You will absolutely love great huts! Which room did you pick?? I'll be back in fig tree in less than 2 months.. Good options are pretty limited compared to negril.. We tried the Italian job and it was just ok in my opinion.. There is a place called dickies best kept secret, it was high on our list to try but never made it there (Jamaica, need I say more).. Piggys jerk spot was some of the best I had on the island.. Very easy to find right on the edge of downtown PA if your headed towards great huts it's one of the last cook shops kinda by the water.. Do yourself a favor if the Boston jerk center is open and pass on it.. I think they area still closed for health code reasons which explains why I got very sick after eating there!! The food at great huts wasn't bad. I would go check out gee jam next time! There is another place that's pretty popular in between porty and great huts but can't recall the name for the life of me!! Just enjoy yourself! It's a beautiful part of the island

----------


## takinitslow

we are staying in Bamboo Treehouse I am glad to hear you liked it. I am super excited to do something different. Thanks for the advice.

----------


## *vi*

*Scotch Bonnet Restaurant* in the Match Resort Hotel (breakfast, lunch & dinner)
*Woody’s Low Bridge Place* (lunch & dinner) on the main road, right side as you head into town.
*The Italian Job* for pizza (lunch & dinner) in town location
*Bushbar* on the Geejam property (dinner) for a special elegant experience
*Bikini Beach Bar & Grille* (lunch & dinner) beach access from down town, at the end of the marina 
*Anna Banana* (breakfast, lunch & dinner) on the right side as you enter into town
*Piggy’s* (lunch & dinner) very casual, local food, in town location, at the point Wonderful jerk chicken
*The Urban Spoon* (lunch & dinner) very casual, local food, located on the 2nf floor of the mall, 

As you enter town, there is a new craft market on the seaside.  There are two restaurants and bar in there.  I don’t remember the names of the places but both have great food.  The restaurant to the far end, closest to the road has some of best cakes I ever had in Jamaica.

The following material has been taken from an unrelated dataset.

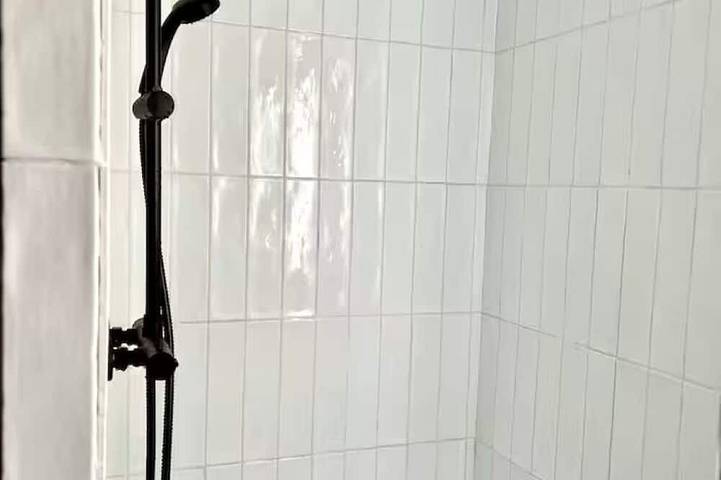 Appartement entier, Le gargantua, appartement cosy à 500m à pied de la forteresse, parking gratuit in Chinon, Vallée de la Loire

Of course there’s the Boston Jerk Center and surrounding cook shops. Also the Great Huts has a very nice restaurant as well.                      

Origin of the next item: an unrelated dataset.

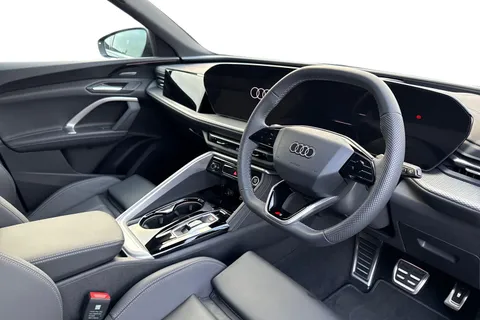 Audi Q5 2.0 TDI S line S Tronic quattro Euro 6 (s/s) 5dr Thumbnail #14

*Dickie’s* is poplar, but I would pass on his place.

----------


## sammyb

wilkins is near the Ramtulla grocery store
Soilder Camp -check tripadvisor for details
Boston Jerk at the end of the Great Huts lane if they are open again great pork sausage there is also a jerk restaurant next to the nightclub walking distance from Great Huts and a jerk center at Boston Beach as well as other cook shops on that lane
Mockingbird has a good restaurant I am told
Trident has Saturday night jazz and dinner
Woody's as Vi mentioned is a MUST
Marybelle's on the Pier
Great Huts has a cultural show on I believe Saturday nights and dinner there is very good
Zilla's in town - box food place good and cheap

----------


## 541lion

There is a nightclub within walking distance from great huts??

----------


## *vi*

I enjoyed all the meals I mentioned except Dickies.  I mean people do rave about it and it is a very interesting structure, but after three visits, I can’t recommend it.

Although the Boston Jerk Center has re-opened and back in business, you might want to scope it out before selecting a place to eat.  You’ll have plenty of opportunity to do so since you enter the Great Huts through the center.

----------


## sammyb

> There is a nightclub within walking distance from great huts??


 YES I haven't been but it's right next to the big jerk restaurant, yards from Boston Jerk Lane.

----------


## *vi*

> There is a nightclub within walking distance from great huts??


after you exit the jerk center, turn right.  It's a rust color, cement building next to Curley's restaurant.

----------


## 541lion

To be clear, the jerk center includes all of those little buildings??

----------


## *vi*

If you go to Frenchman's Cove beach, the food at that restaurant is pretty good, but expensive.  so are the drinks.

----------


## takinitslow

> YES I haven't been but it's right next to the big jerk restaurant, yards from Boston Jerk Lane.


So has anyone gone to this night club? Just curious if its decent and safe to check out. Thanks everyone for all the response I love having options.

----------


## sammyb

I haven't been but I hear it's fine and yes safe.

----------


## sammyb

> To be clear, the jerk center includes all of those little buildings??


Yes

----------


## 541lion

For some reason I can't picture it! I don't remember much besides houses outside the jerk center But will definitely pop my head in next time at very least

----------


## 541lion

Yes annabannnas was the one I couldn't remember! Also really wanted to try woodsy!! Those burgers look amazing!! Great looking buns too which is half the burger in my opinion.. Do not miss out on piggys!!

----------


## brazz

Cynthias on Winnefred beach is very good.  Also a few other restaurants there but haven't tried them.  
Used to be a bar and grill called Chill out on Long beach, last time I was there it was closed but not sure as of now

----------


## 541lion

Iam making a promise to myself to make it to winnefred this time!! It was top priority last trip but never happened! The cook shops there stay open all year??

----------


## sammyb

> Iam making a promise to myself to make it to winnefred this time!! It was top priority last trip but never happened! The cook shops there stay open all year??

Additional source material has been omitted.